Frontmatter invalid”Slice X EVAL-REVIEW.md frontmatter invalid at <pointer>: <message> (non-blocking).”
verdict: NOT_IMPLEMENTED”Slice X eval verdict NOT_IMPLEMENTED (overall N/100) — shipping anyway, but the eval gap is unresolved.”
verdict: SIGNIFICANT_GAPS / NEEDS_WORK / PRODUCTION_READY(no notification)

The ship is never gated on eval status. The notifications are informational only.

  • Combined SUMMARY.md + AI-SPEC.md content is hard-capped at 200 KiB inside the auditor prompt.
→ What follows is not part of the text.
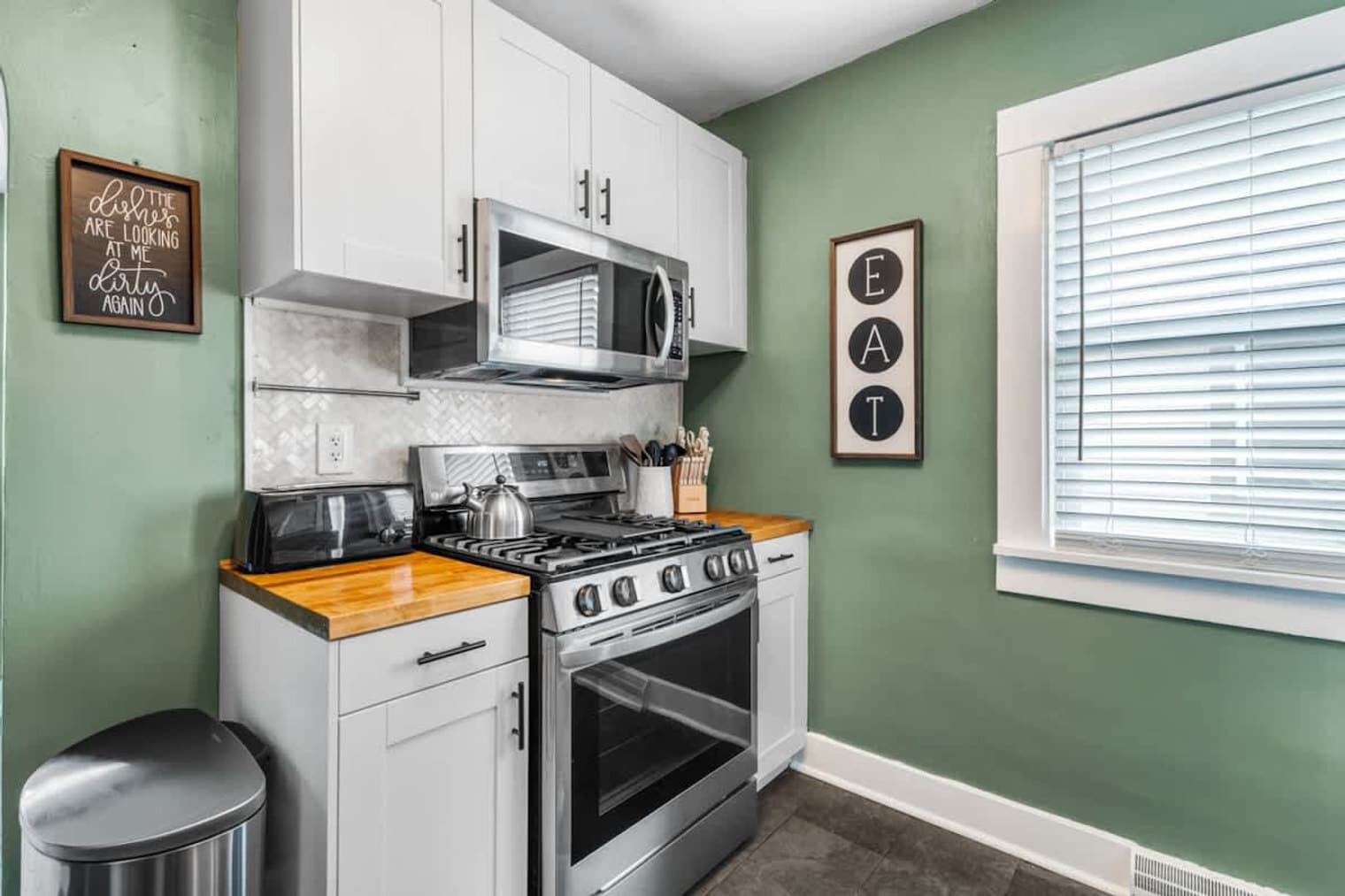 Building Photo - 2850 Hazel Ave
Larger inputs are truncated with a [truncated: N bytes elided] marker and the auditor is instructed to flag the slice accordingly.
  • --force overwrites the existing file in place; the previous version is not archived. Run with --show first if you want to keep the prior audit’s text.
  • Tracking: #5114 — this command’s sub-issue.
  • Planned: #5115 — /gsd eval-fix, the gap-driven fix agent (blocked-by #5114).
  • Umbrella: #4246 — covers both eval-review and eval-fix.